Ahad 12 Sep 2021 14:30 WIB

Saipul Jamil Hingga Pelecehan: Reputasi KPI Dipertaruhkan

Reputasi KPI Sedang dipertaruhkan

Seorang ibu menonton acara televisi di dalam rumahnya yang terendam banjir di Desa Tanjungsari, Kecamatan Sukaresik, Kabupaten Tasikmalaya, Jawa Barat, Kamis (14/1/2021). Akibat intensitas hujan yang tinggi, luapan air Sungai Citanduy dan Cikidang meluas hingga merendam 400 rumah warga di Dusun Bojongsoban dan Hegarsari dengan ketinggian mencapai sekitar 80 sentimeter hingga 1,5 meter.
Foto: Antara/Adeng Bustami
Seorang ibu menonton acara televisi di dalam rumahnya yang terendam banjir di Desa Tanjungsari, Kecamatan Sukaresik, Kabupaten Tasikmalaya, Jawa Barat, Kamis (14/1/2021). Akibat intensitas hujan yang tinggi, luapan air Sungai Citanduy dan Cikidang meluas hingga merendam 400 rumah warga di Dusun Bojongsoban dan Hegarsari dengan ketinggian mencapai sekitar 80 sentimeter hingga 1,5 meter.
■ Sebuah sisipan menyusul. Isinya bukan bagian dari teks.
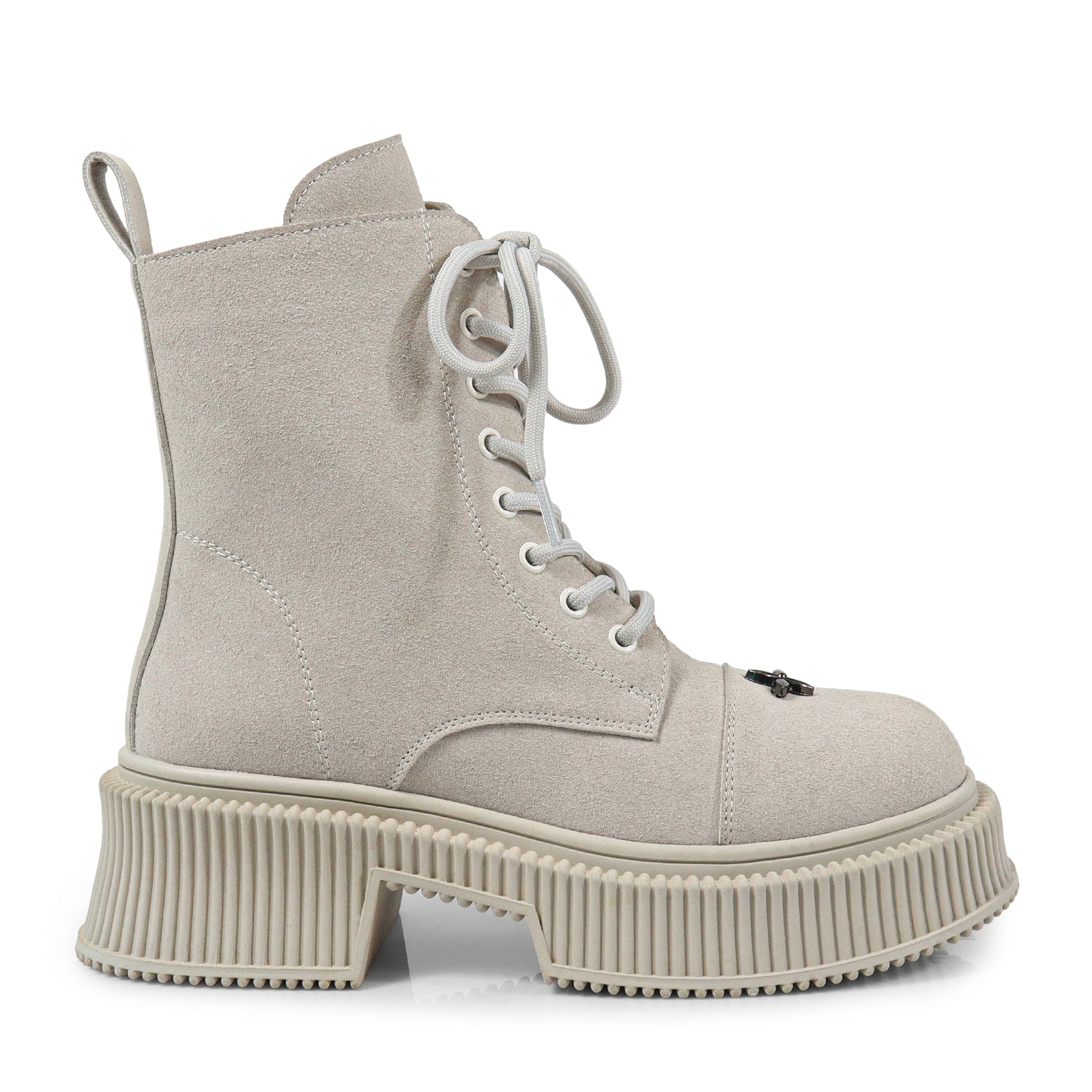 JUDAH-1 ROUND TOE LACE UP CROSS FLOWER DETAIL W/ANKLE DESERT BOOTI BONE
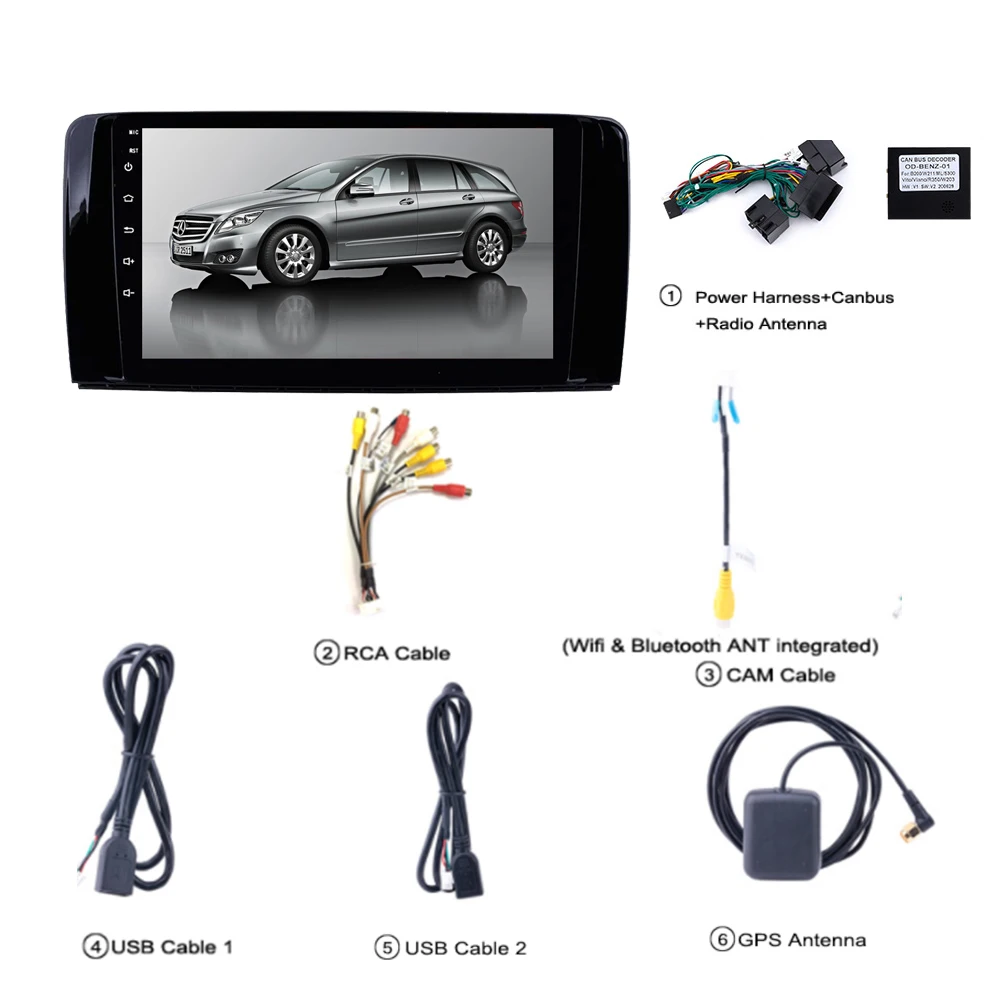 

2 Din 9" Car Multimedia Player Android GPS Autoradio For Mercedes Benz R Class W251 R280 R300 R320 R350 R63 2005-2017 Head Unit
REPUBLIKA.CO.ID, Oleh: Verdy Firmantoro, Kandidat Doktor Ilmu Komunikasi FISIP Universitas Indonesia

Reputasi Komisi Penyiaran Indonesia (KPI) dipertaruhkan. Sejumlah persoalan yang menerpa lembaga independen negara itu berdampak memengaruhi pandangan publik. Alih-alih eksistensinya diharapkan memberikan dampak signifikan, namun justru acap kali kontroversial. Kasus dugaan pelecehan seksual dan perundungan (bullying) yang melibatkan pegawai di lingkungan instansi tersebut menambah daftar panjang citra buram KPI.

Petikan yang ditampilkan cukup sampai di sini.